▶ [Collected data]
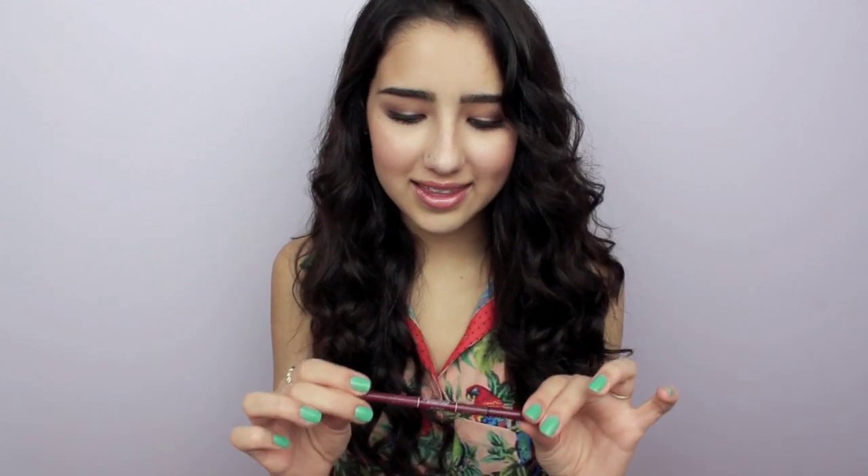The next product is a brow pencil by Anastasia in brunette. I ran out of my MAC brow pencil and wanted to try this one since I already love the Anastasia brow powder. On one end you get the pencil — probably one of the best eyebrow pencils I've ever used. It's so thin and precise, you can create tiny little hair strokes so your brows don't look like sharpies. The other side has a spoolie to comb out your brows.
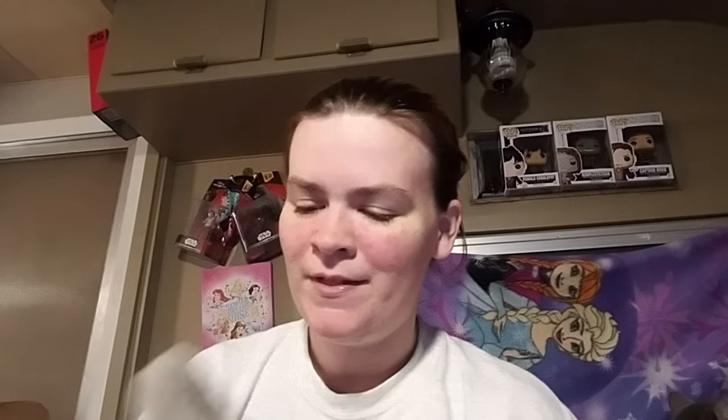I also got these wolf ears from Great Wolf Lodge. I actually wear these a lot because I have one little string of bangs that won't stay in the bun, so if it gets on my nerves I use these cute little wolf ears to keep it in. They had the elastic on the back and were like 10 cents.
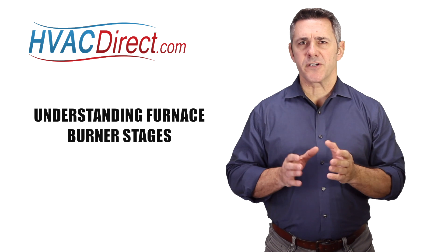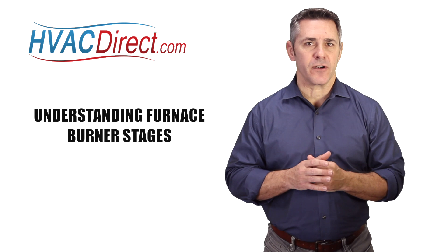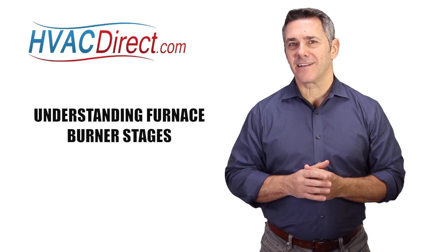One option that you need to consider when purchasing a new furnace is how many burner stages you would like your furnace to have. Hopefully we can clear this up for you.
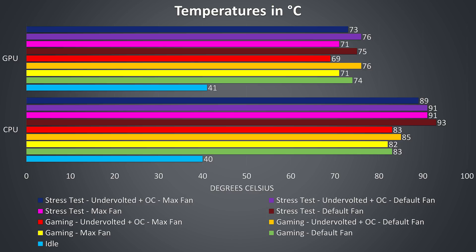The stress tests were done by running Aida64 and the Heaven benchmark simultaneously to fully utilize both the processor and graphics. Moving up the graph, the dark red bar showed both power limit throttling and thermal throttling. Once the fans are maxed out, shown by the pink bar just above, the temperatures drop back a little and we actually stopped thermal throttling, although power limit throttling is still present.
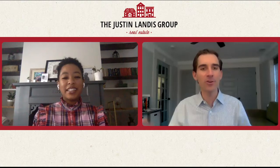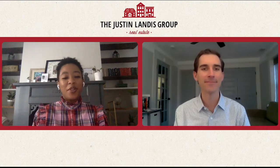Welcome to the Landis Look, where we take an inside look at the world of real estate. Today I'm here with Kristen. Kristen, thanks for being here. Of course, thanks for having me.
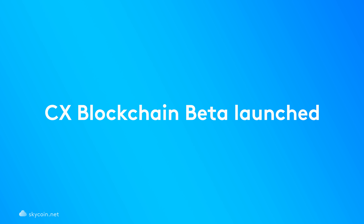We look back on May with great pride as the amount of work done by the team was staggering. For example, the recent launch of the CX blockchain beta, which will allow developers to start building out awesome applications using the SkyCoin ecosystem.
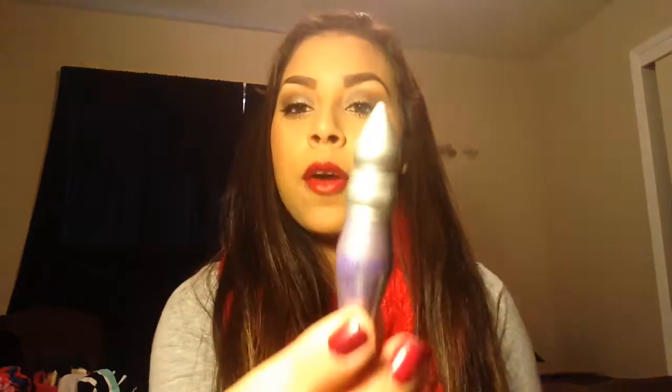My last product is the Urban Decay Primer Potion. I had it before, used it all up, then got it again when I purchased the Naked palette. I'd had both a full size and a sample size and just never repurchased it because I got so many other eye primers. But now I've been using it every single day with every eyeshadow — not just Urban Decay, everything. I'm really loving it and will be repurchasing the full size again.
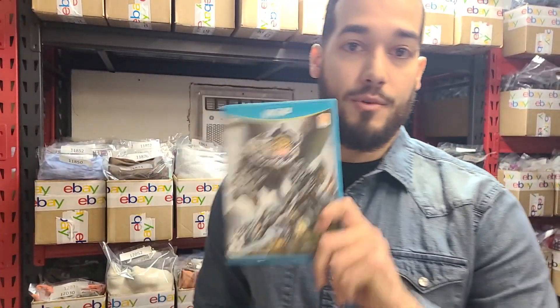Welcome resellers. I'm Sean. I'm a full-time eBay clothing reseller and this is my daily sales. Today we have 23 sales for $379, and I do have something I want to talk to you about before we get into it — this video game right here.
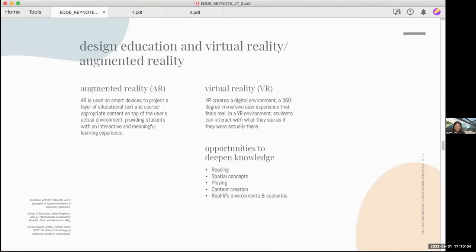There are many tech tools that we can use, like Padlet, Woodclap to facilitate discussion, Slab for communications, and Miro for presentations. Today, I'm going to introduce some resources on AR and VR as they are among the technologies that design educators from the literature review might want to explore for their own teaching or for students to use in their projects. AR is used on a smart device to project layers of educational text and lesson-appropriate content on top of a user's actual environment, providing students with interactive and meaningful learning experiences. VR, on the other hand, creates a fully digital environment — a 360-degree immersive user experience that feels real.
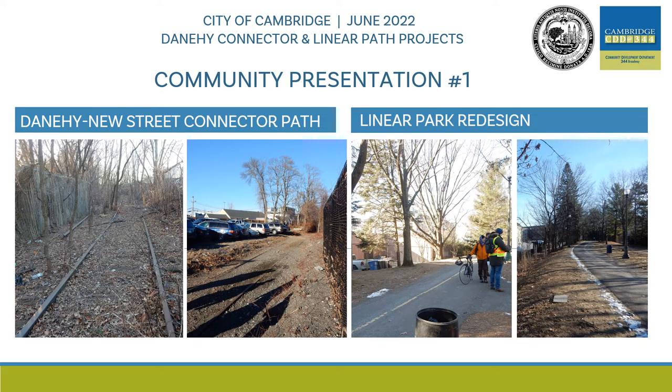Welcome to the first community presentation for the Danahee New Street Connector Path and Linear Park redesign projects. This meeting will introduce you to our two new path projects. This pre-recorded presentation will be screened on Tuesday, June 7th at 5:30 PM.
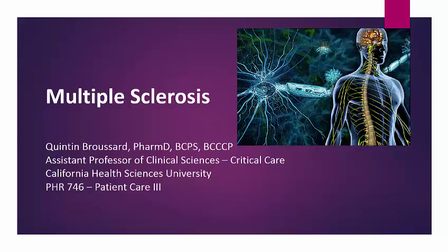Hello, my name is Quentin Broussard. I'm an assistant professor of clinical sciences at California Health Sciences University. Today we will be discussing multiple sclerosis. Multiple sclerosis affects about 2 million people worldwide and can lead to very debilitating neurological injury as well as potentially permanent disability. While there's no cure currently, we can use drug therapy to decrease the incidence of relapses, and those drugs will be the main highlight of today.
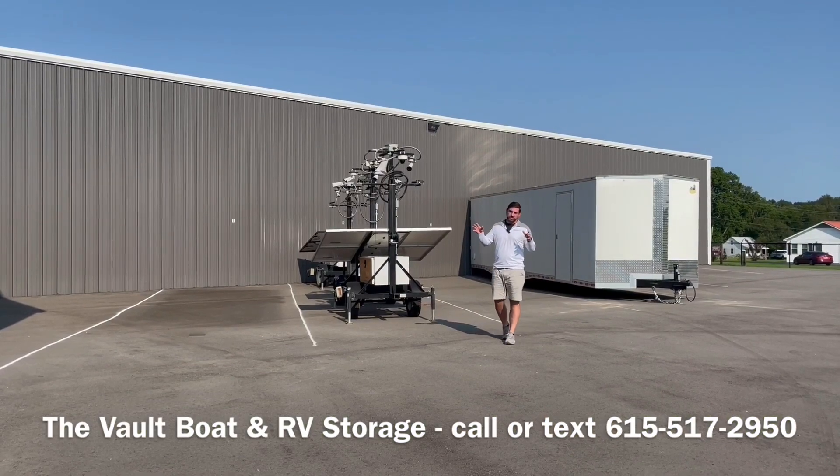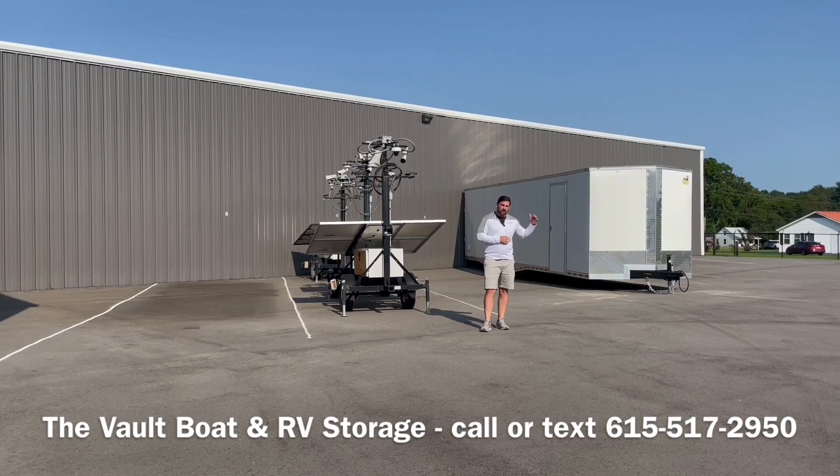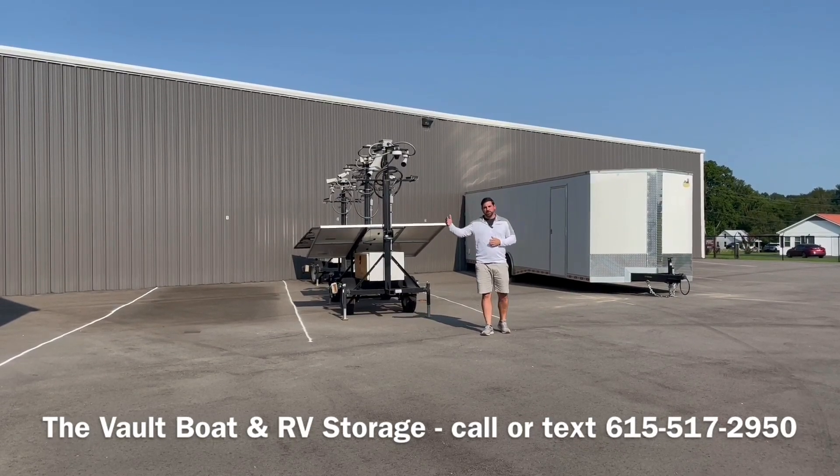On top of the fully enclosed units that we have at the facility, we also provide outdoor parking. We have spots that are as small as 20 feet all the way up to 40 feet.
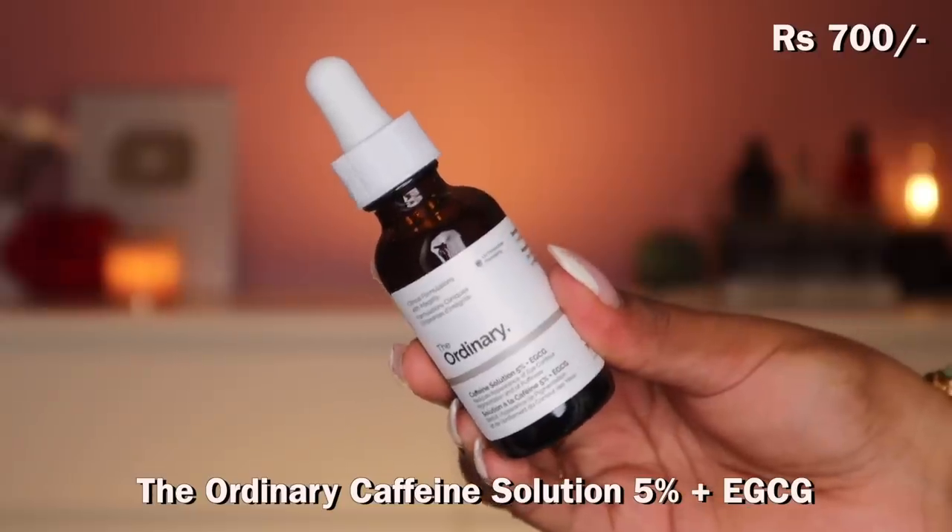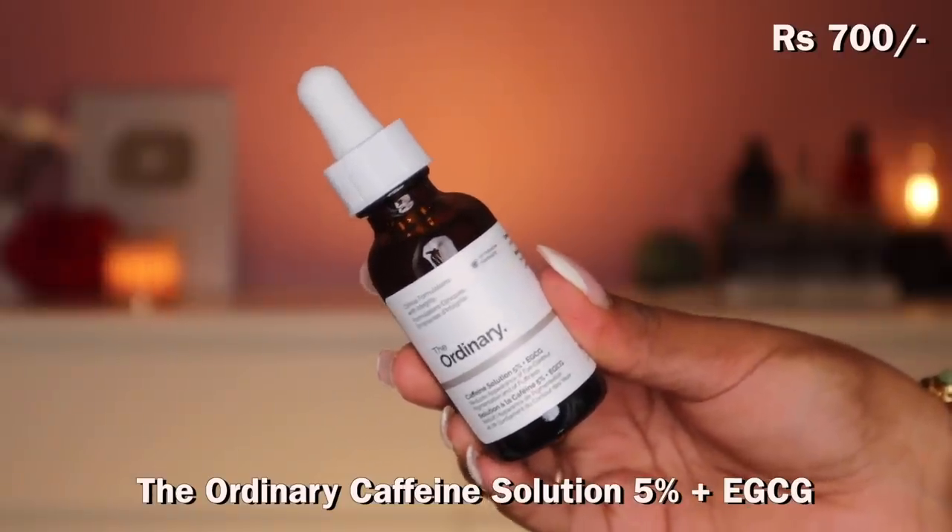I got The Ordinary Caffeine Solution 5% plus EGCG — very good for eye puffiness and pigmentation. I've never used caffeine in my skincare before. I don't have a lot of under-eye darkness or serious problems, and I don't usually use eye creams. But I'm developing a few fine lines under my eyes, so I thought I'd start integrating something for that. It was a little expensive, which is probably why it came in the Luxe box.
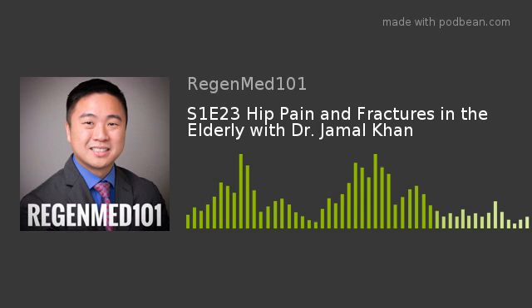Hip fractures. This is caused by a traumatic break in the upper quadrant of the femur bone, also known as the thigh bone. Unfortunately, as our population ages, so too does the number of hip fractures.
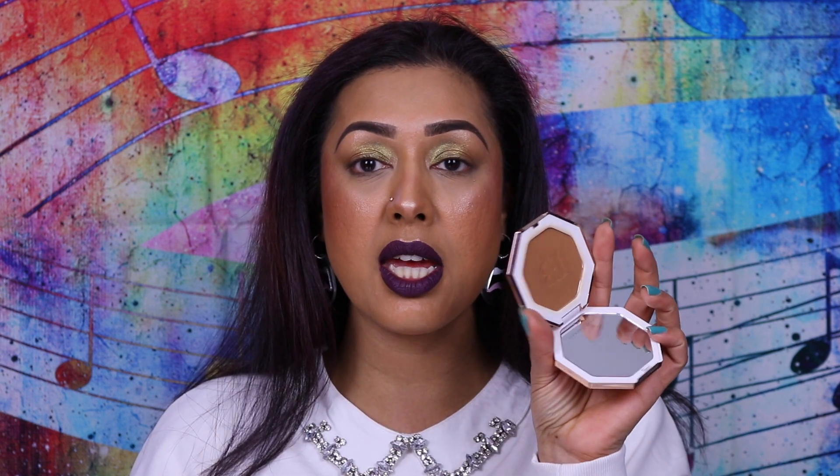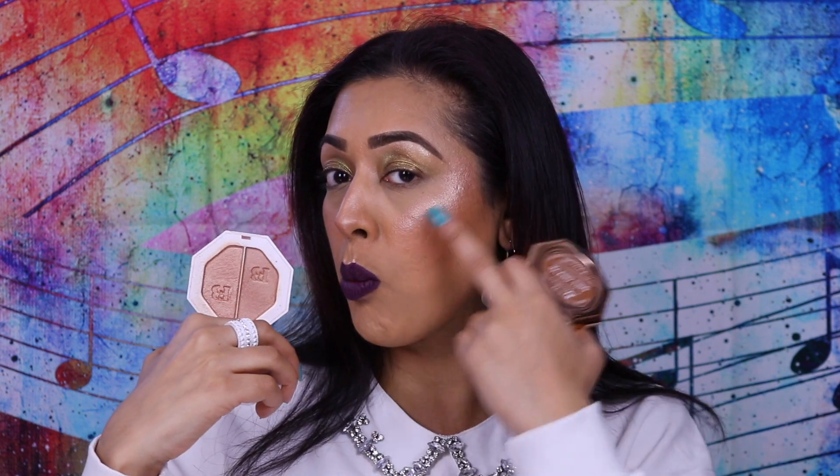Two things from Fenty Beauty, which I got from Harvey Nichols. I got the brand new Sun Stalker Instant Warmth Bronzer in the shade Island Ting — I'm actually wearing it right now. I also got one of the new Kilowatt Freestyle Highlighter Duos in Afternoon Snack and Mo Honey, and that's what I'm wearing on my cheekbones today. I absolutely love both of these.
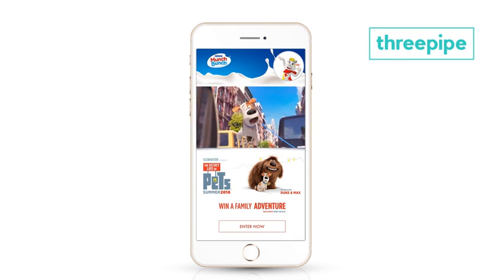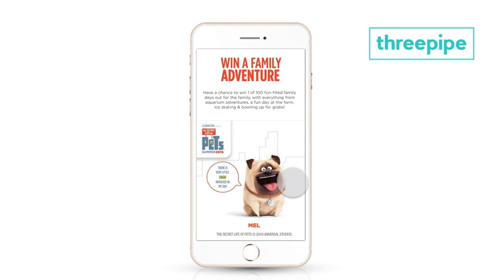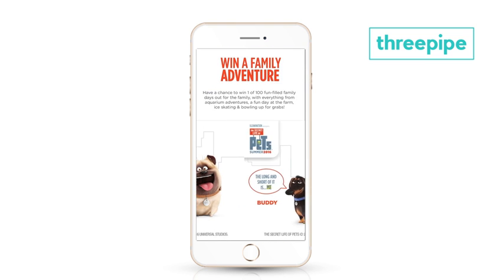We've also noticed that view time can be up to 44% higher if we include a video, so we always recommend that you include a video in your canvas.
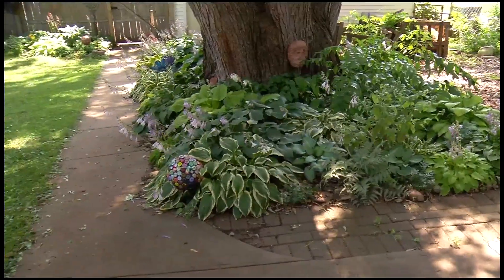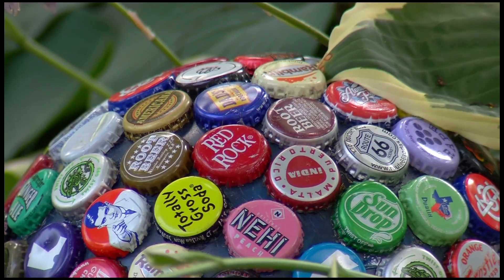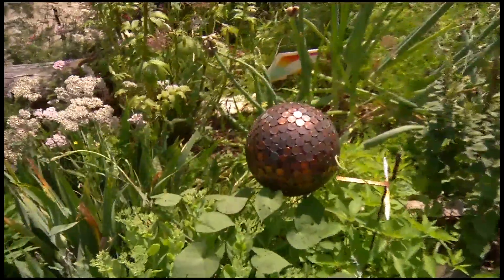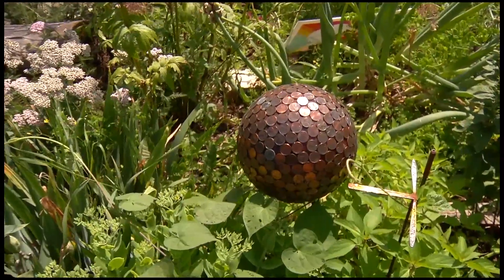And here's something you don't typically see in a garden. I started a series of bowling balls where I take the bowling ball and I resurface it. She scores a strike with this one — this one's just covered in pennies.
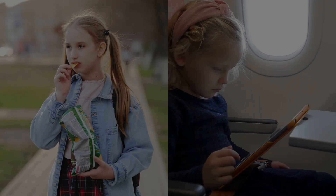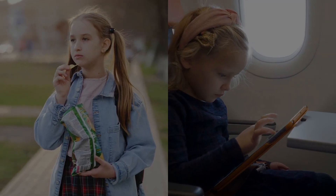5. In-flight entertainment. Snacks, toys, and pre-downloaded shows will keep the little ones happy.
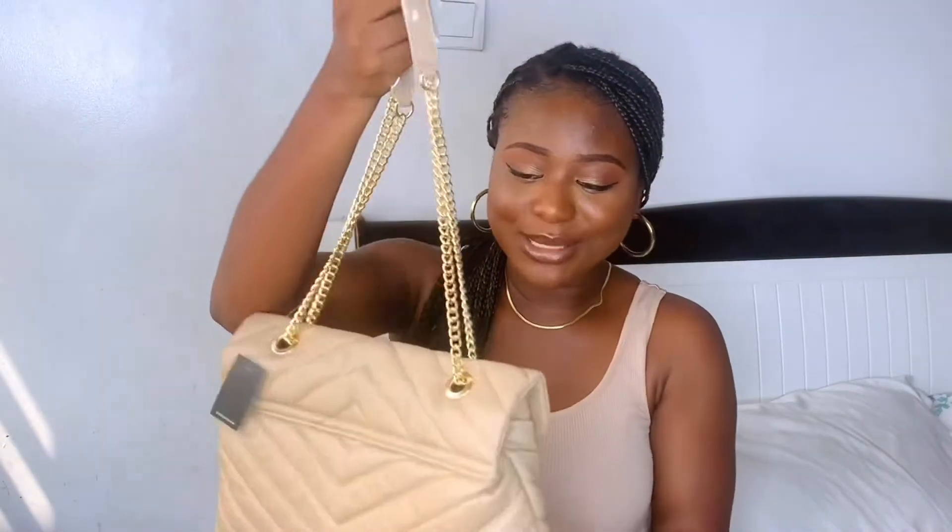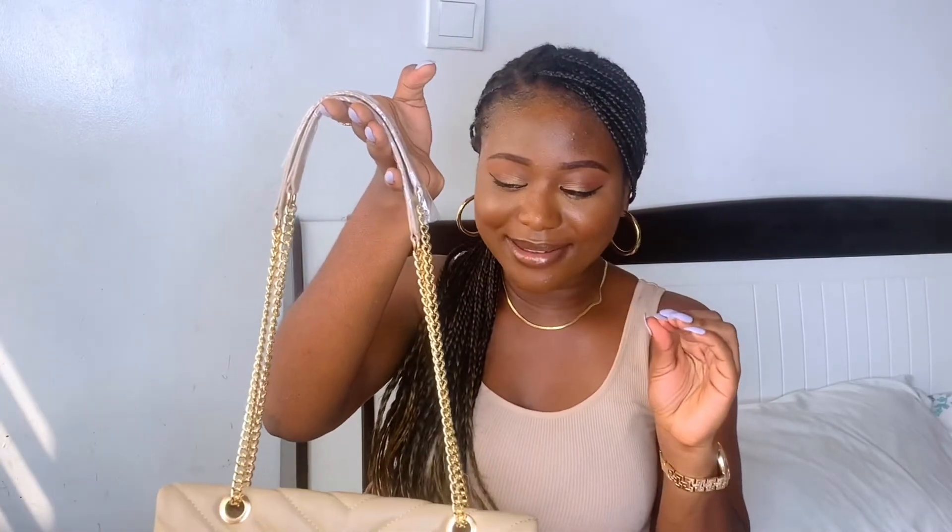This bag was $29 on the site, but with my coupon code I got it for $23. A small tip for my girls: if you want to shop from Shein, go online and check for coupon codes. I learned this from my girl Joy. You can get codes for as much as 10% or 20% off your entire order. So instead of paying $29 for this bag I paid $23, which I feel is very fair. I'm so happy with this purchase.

▶ [Work required]
All lines above from the one containing "I also got these" up to and including the one containing "One option that" are to be set down exactly, and nothing else. Leave images out.

▶ [Your response]
I also got these wolf ears from Great Wolf Lodge. I actually wear these a lot because I have one little string of bangs that won't stay in the bun, so if it gets on my nerves I use these cute little wolf ears to keep it in. They had the elastic on the back and were like 10 cents.
One option that you need to consider when purchasing a new furnace is how many burner stages you would like your furnace to have. Hopefully we can clear this up for you.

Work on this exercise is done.